Answer: The state Department of Land and Natural Resources sent a maintenance crew from its Land Division to Kahala Beach on Tuesday.
The workers found broken glass along the shoreline in both directions from the area fronting Waialae Beach Park -- a stretch of about 500 feet, said DLNR spokeswoman Deborah Ward.
"They collected about one large Ziploc bag of broken glass," she said.
They also checked a spot further toward Diamond Head, where a public accessway near Hunakai Street intersects the beach, but found no glass there.
"From this kind of situation, it's easy to see how the thoughtless actions of a few create a safety hazard for others," Ward said.
Based on your initial description of the area, we checked first with the city Department of Parks and Recreation as to whether it would pick up the glass.
We were told that workers saw mostly green glass visible at low tide below the high-water mark located in front of homes on the Honolulu side of Waialae Park.
Because it did not front the city-owned park itself, we were advised to check with DLNR.
"We commend the person who called in for taking the time to report the problem; she was trying to do a good deed for the community," Ward said.
In the future, she said giving specific details to pinpoint a location helps staff to take action with the least amount of delay.

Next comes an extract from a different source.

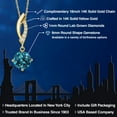 thumbnail image 2 of Gem Stone King 14K Yellow Gold London Blue Topaz and Lab Grown Diamond Pendant Necklace for Women | 2.53 Cttw | Gemstone November Birthstone | Round 8MM | With 18 inch Chain, 2 of 6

Q: Regarding your July 5, 2007, "Kokua Line": What is the status of naming Roosevelt High School's athletic field in honor of Ticky Vasconcellos?
A: Work on installing artificial turf for the football field and an all-weather track is not expected to be fully completed until June.
Once the $4 million project is completed, a dedication ceremony naming the field the Edmund "Ticky" Vasconcellos Stadium will be scheduled, said Principal Ann Mahi.
Graduation ceremonies are scheduled to be held in the stadium on May 31, even though work on the track might be continuing.
Vasconcellos, who died in 1996, was a teacher, coach and athletic director at Roosevelt.
His football teams won three straight Interscholastic League of Honolulu championships in the mid-1950s.